Mortuus Et Vivit

119 3 12
                                    

Inside the Hologram-Projection suite, Rimmer's lifeless light bee laid on the desk. Monitors that usually played Rimmer's dreams, thoughts and occasionally his hologrammatic vitals were blank — dead. Regardless, machinery still ran, droning, beeping and whining.

Outside of Red Dwarf, a bright blue light whizzed by; its trail resembled a comet's, green with bits of teal mixed in. It had been following the crew ever since they left the Mantle's Approach. It didn't register on Red Dwarf's monitors. The blue light then made a sharp one-eighty and phased through the airlock, then sprinted through corridors, made short cuts through walls until it made it to the Hologram-Projection suite. From there it jumped into the main computer, which fizzled a moment after impact.

Fzzzzzzt!

The sheer force of the bright orb knocked the light bee onto the floor.

The MC unexpectedly booted up, its whirs staring out low then heightening in pitch. Suddenly, a millisecond of a memory appeared on-screen; it was of Rimmer and Kryten in the kitchenette of Starbug, just before Lister ate space weevil for supper. It was gone in a flash. Then another, this time of Rimmer acquiring a hard light drive. It lasted a bit longer than the last time. Another with his useless Chinese worry balls. Then they started overlapping; his deaths, Lister's GELF wife, the Dove Program, Rimmerworld, JFK, Ace and Duane, Dangerous Dan McGrew, Legion, Expanoids, finding his brother, Howard, having sex with Aria, destroying Mantle's Approach — all of it showed on the monitors in a nonplussing flurry of images, until finally... nothing.

'MEMORIES RESTORED' could be seen in big white letters on every screen.

The blue orb jetted out of the MC and into the light bee. Like a vehicle that wouldn't start, repeated whirring and sputtering sounds erupted from the tiny projection device. Eventually, Rimmer's once dead light bee began to glow a bright orange. It floated upward, and screeched from an agonising resurrection, hovering a moment while it tried to get its bearings. Gliding unsteadily, it made its way to the door; it clanked against the door numerous times before giving up — obviously it needed hands to open it.

After it buzzed indignantly it whizzed off, stopped at the main computer and slipped into the light bee slot, then waited for an on-screen prompt.

Hologrammatic projection device accepted — Welcome!
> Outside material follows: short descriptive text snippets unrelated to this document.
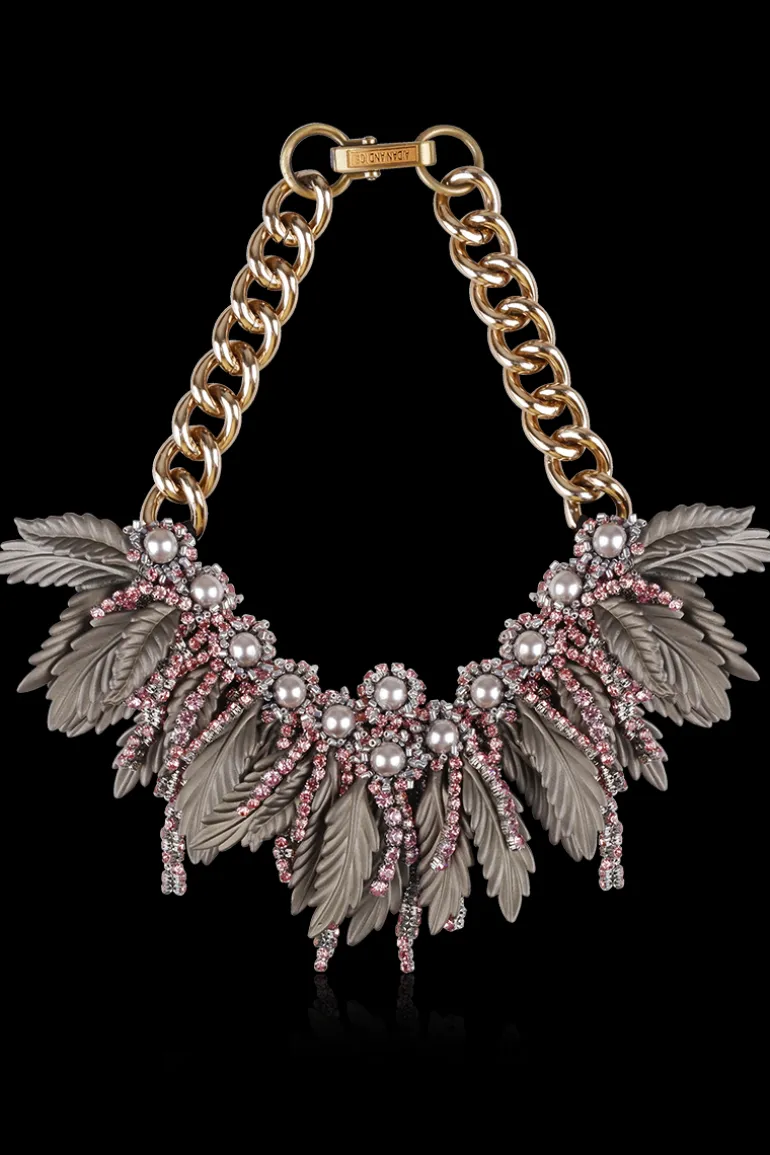 Necklaces<CULT MIA FOGLIA NECKLACE Grey, Pink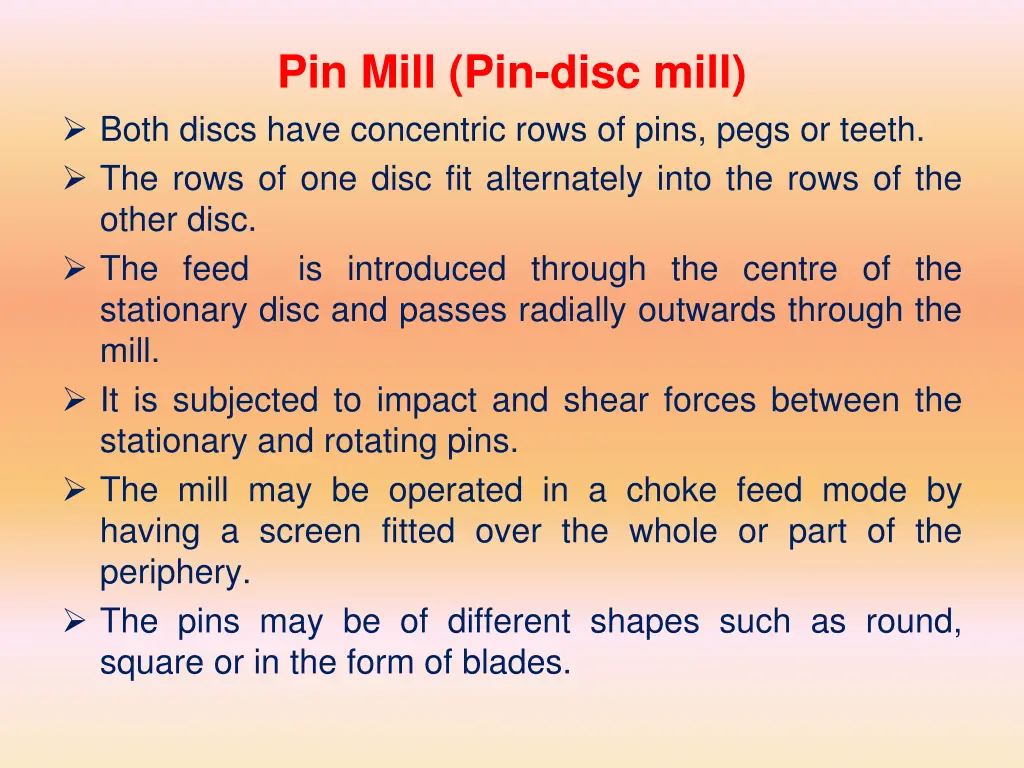 pin mill pin disc mill both discs have concentric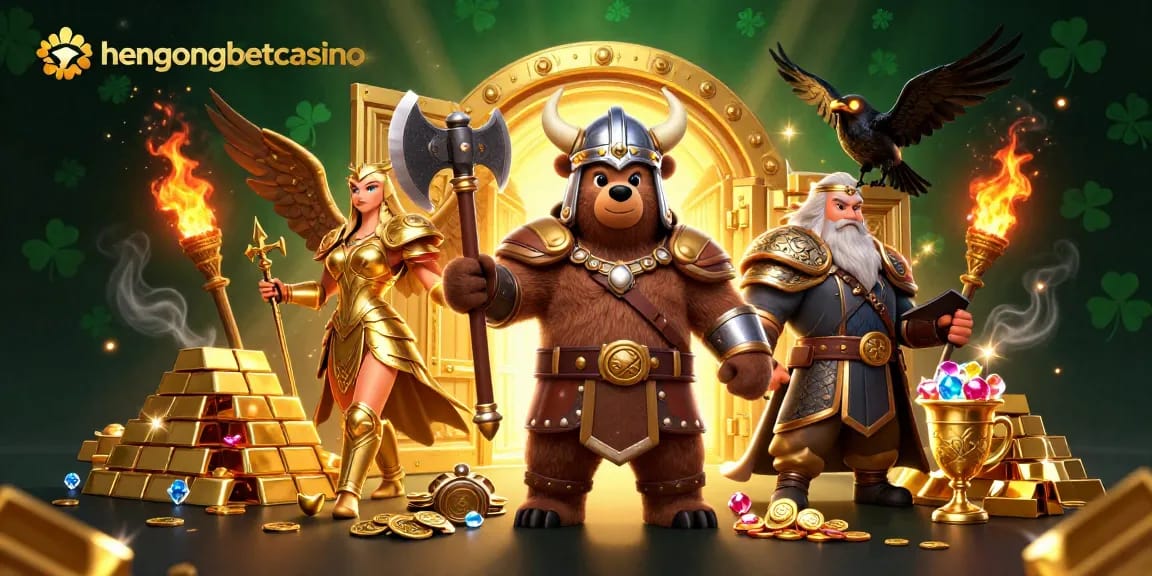Win big at hengongbetcasino with an electrifying 3D Viking and eagle scene, surrounded by treasures.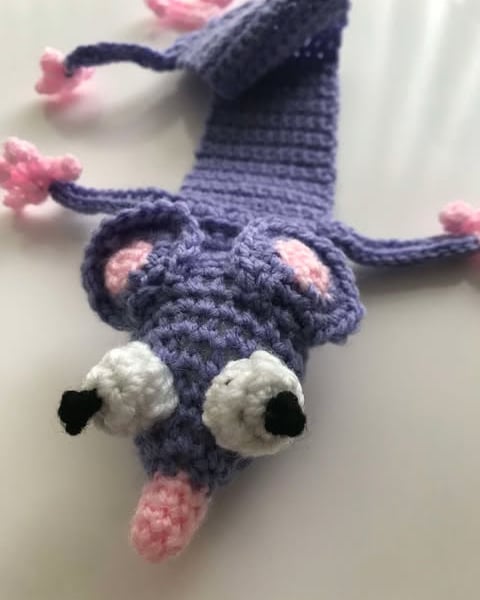 Handmade crocheted Bookmark Rat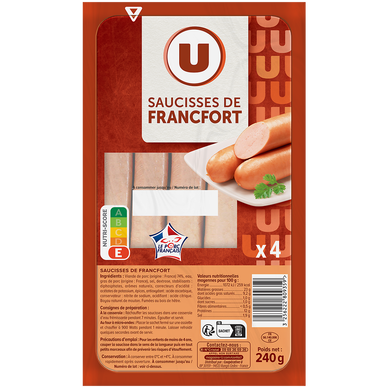Saucisses de Francfort - x4, 240g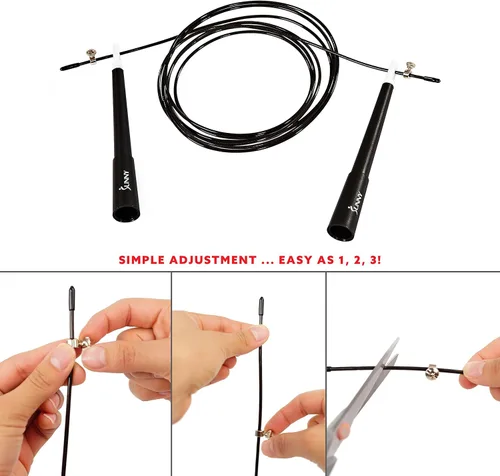 Vista 5 de Sunny Health & Fitness Cuerda de saltar de ejercicio para fitness, cuerda de saltar ligera y portátil con asas duraderas y cuerda de ejercicio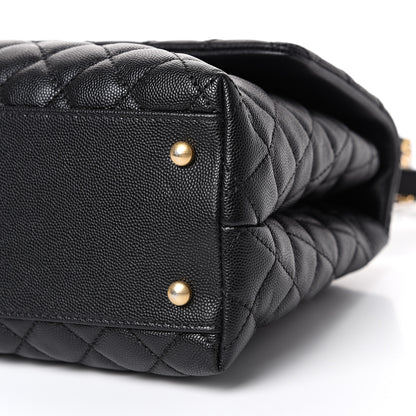 Chanel Caviar Lizard Quilted Medium Coco Handle Flap Black 9 of 10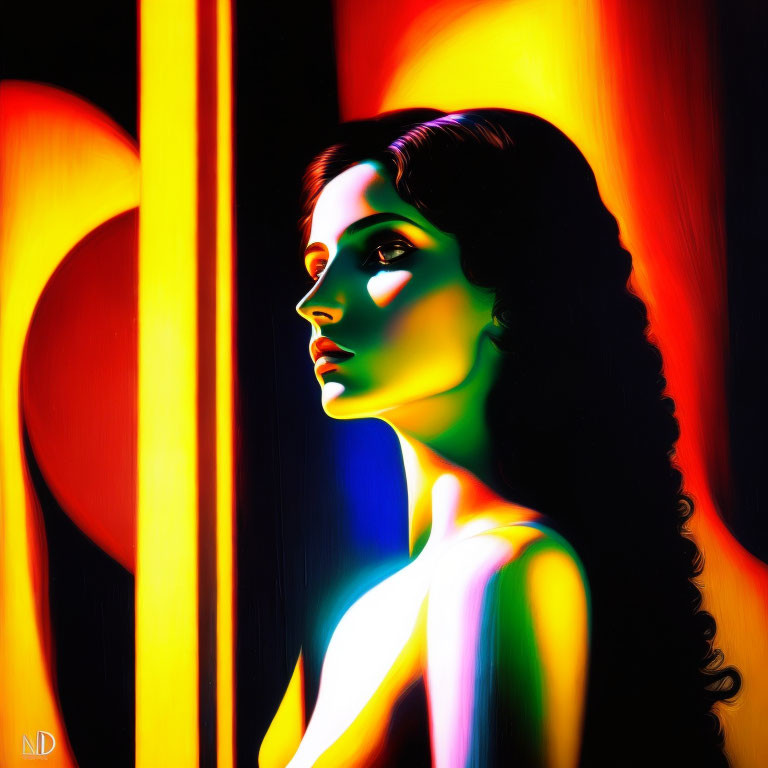 Vibrant digital portrait with neon hues and pronounced shadows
Please select what task you would like to preform.

A drop down menu listed restore, reboot, back-up, transfer and terminate. Restore was already highlighted. The light bee popped out of the slot, and using the very edge of the device, it hit enter.

Restore sequence selected — Is this correct?

It emanated a rather miffed whir, put out by the question. "Of course it was correct!" it thought. "You'd have to be a right idiot to select it by mistake!" Then it eased down onto the left arrow key, selecting yes, and then tapped on the enter key.

Validating your request. This may take several minutes.

Once again, the light bee buzzed in annoyance from having to wait. All it wanted was a body. Furious droning came from it, as if to say, "Hurry the hell up! My entire crew is under the assumption that I'm dead! So if you could just—!"

Request accepted — Reboot process initiated.

It hummed a sigh of relief. Soon enough Rimmer would be back, and soon enough he would be whinging on about how they just left him on the Mantle's Approach to die.

Beeping, clicking and whining of hard drives starting up emitted from the entire room. Cooling fans turned on to keep the computers from overheating. About ten minutes later, Rimmer was online, with a full battery and the intent to do some complaining. No-one listened to his messages — never mind the fact they were easy to miss in a life and death situation — and Rimmer would be dammed if he'd let any of them live it down.